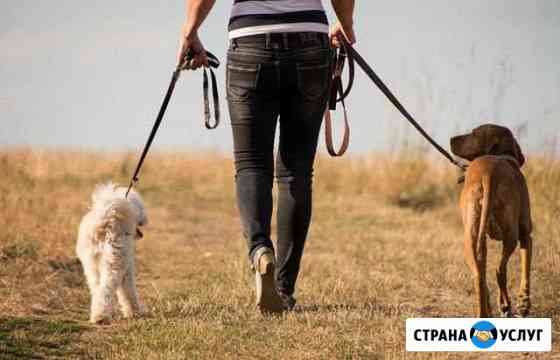 Выгул собак, передержка Калининград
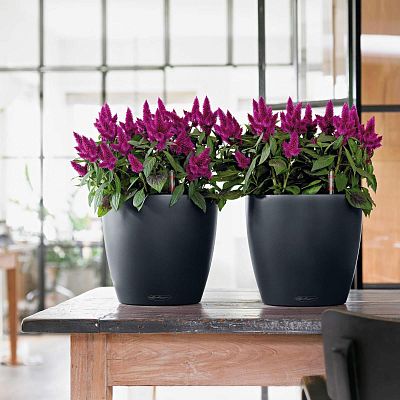 LECHUZA CLASSICO Color Round Poly Resin Self-watering Planter Set
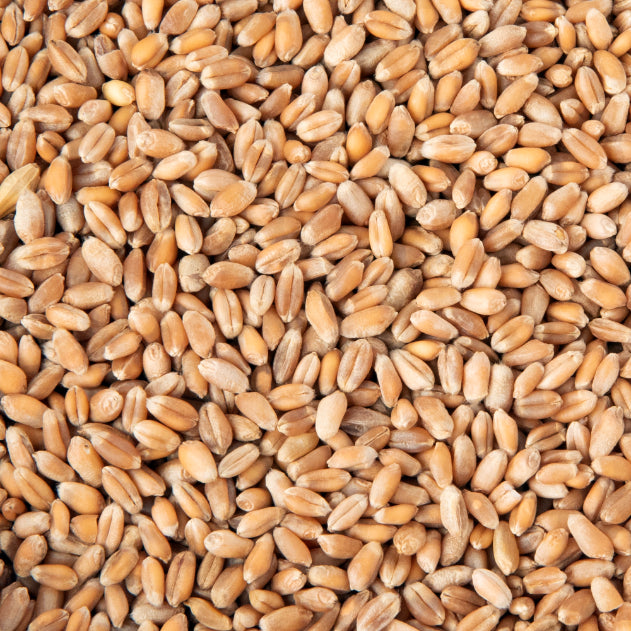 Semințe Grâu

··········

» REQUIRED WORK
Could you reproduce all of the data above exactly and skip any image?

» SOLUTION FOR THIS PROBLEM
 Выгул собак, передержка Калининград
 LECHUZA CLASSICO Color Round Poly Resin Self-watering Planter Set
 Semințe Grâu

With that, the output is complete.